◆ YOUR INSTRUCTIONS
An exact copy of every line from the one holding "Polyclonal Antibody to" to the end of the entries below is required; leave the pictures out.

# # # #

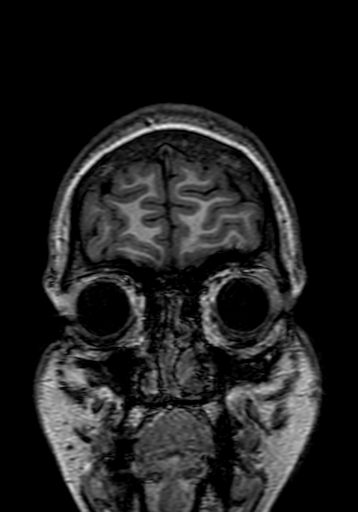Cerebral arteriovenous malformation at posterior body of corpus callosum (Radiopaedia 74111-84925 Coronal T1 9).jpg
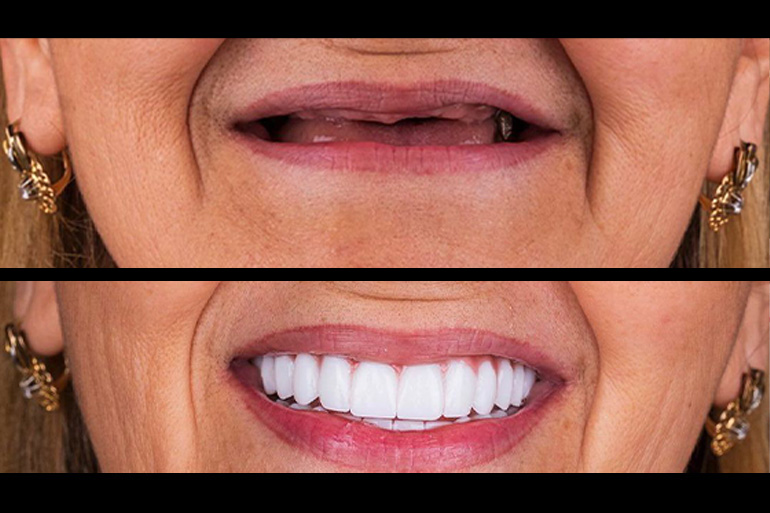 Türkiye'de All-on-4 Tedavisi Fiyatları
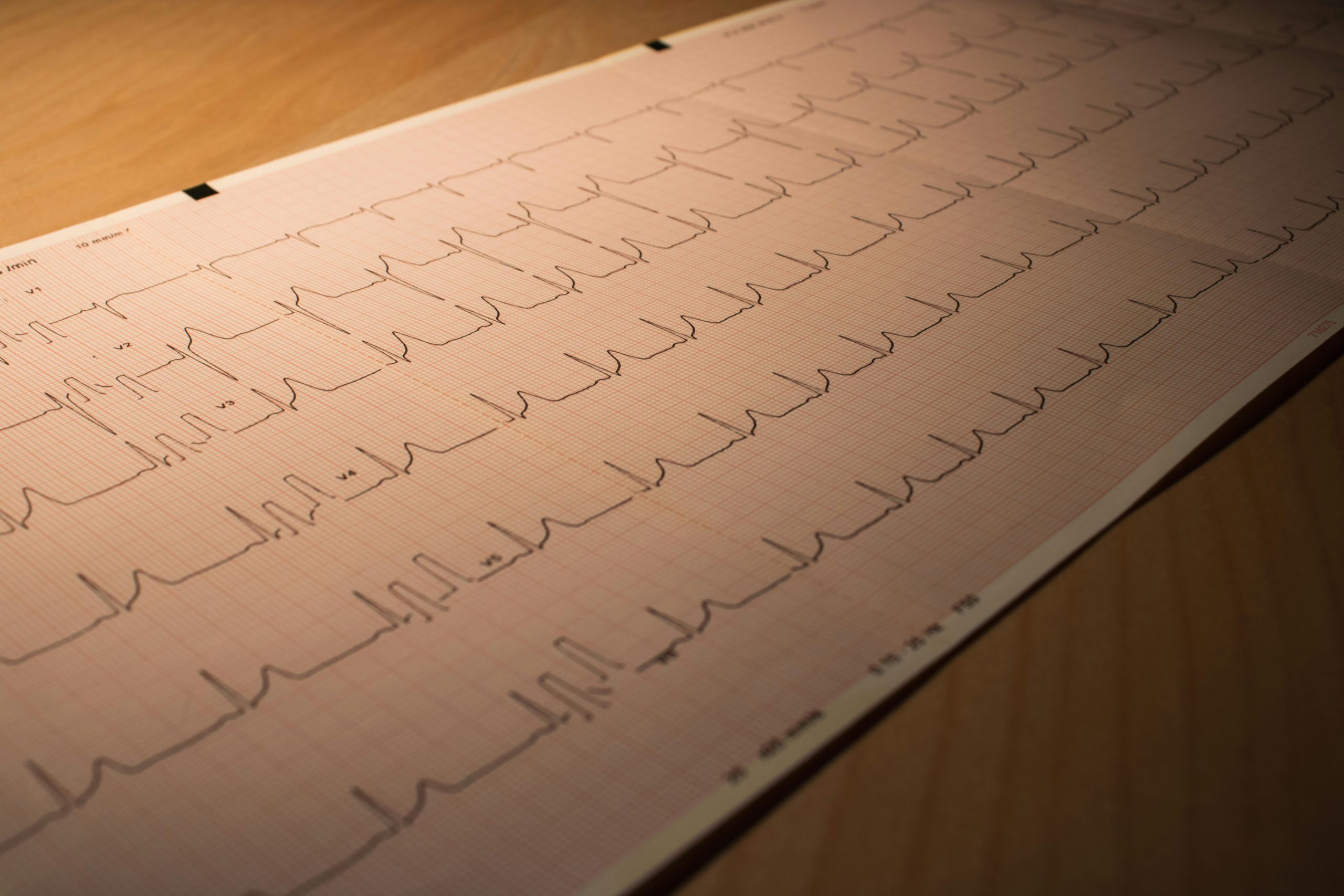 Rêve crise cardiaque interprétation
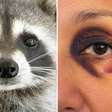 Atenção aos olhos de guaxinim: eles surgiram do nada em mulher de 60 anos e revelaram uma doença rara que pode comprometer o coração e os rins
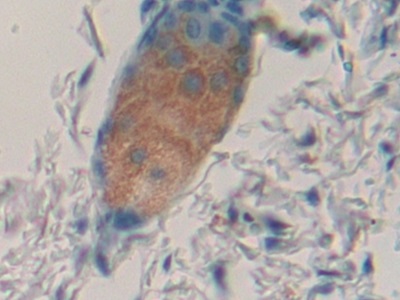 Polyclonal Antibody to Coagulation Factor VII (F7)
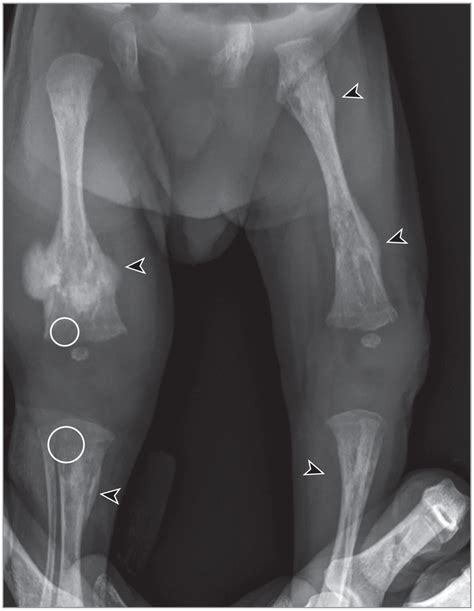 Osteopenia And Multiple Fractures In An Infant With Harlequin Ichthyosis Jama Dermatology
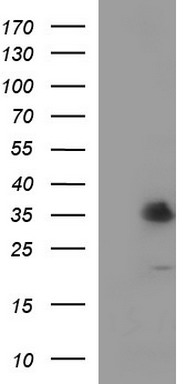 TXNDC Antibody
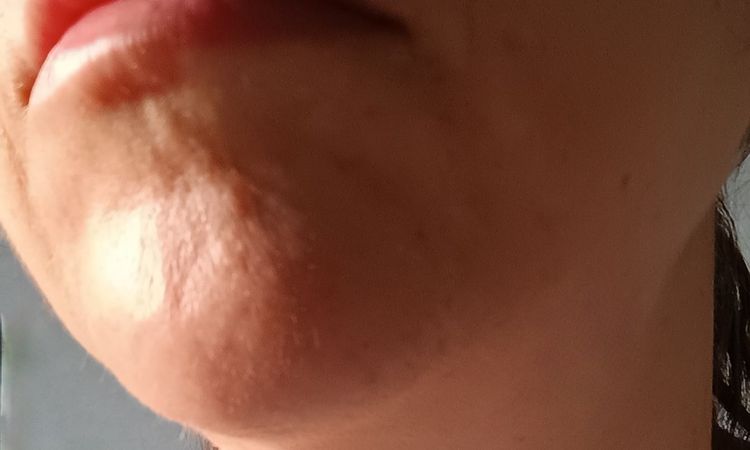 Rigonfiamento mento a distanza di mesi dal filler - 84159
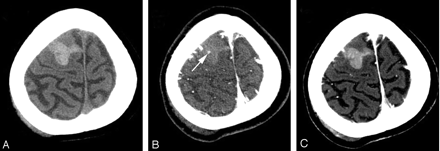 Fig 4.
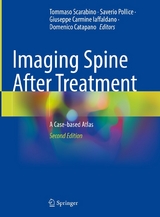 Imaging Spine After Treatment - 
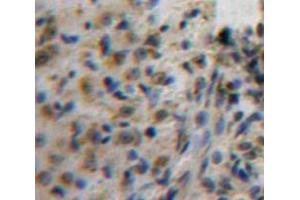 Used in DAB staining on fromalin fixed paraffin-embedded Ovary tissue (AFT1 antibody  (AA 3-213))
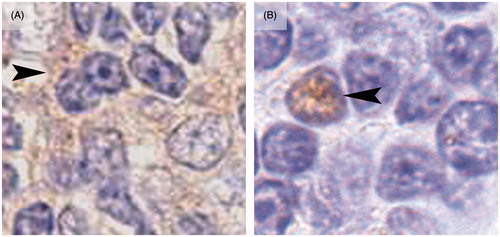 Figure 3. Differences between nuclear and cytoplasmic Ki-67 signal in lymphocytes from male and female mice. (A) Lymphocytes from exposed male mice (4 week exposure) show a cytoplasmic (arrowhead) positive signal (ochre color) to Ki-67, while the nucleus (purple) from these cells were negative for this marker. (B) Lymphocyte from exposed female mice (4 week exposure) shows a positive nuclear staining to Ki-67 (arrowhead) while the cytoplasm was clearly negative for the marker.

# # # #

◆ TASK SOLUTION
 Polyclonal Antibody to Coagulation Factor VII (F7)
 Osteopenia And Multiple Fractures In An Infant With Harlequin Ichthyosis Jama Dermatology
 TXNDC Antibody
 Rigonfiamento mento a distanza di mesi dal filler - 84159
 Fig 4.
 Imaging Spine After Treatment - 
 Used in DAB staining on fromalin fixed paraffin-embedded Ovary tissue (AFT1 antibody  (AA 3-213))
 Figure 3. Differences between nuclear and cytoplasmic Ki-67 signal in lymphocytes from male and female mice. (A) Lymphocytes from exposed male mice (4 week exposure) show a cytoplasmic (arrowhead) positive signal (ochre color) to Ki-67, while the nucleus (purple) from these cells were negative for this marker. (B) Lymphocyte from exposed female mice (4 week exposure) shows a positive nuclear staining to Ki-67 (arrowhead) while the cytoplasm was clearly negative for the marker.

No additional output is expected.